*** Information supplied ***

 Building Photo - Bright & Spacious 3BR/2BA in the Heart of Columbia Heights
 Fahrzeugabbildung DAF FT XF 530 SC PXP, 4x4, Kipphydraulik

***
*** Information supplied ***

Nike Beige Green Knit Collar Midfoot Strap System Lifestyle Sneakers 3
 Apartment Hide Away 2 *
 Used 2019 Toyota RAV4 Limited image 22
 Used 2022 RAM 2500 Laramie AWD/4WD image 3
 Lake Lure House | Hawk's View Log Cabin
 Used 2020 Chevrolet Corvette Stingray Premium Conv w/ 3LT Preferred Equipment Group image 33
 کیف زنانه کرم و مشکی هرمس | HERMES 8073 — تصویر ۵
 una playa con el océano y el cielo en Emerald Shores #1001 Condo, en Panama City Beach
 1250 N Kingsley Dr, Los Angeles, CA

***
*** Information supplied ***

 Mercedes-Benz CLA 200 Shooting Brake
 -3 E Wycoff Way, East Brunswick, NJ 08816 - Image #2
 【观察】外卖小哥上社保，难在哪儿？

***

**Your assignment**
State how many lines above contain the word "Used", and nothing more.

**Written solution**
3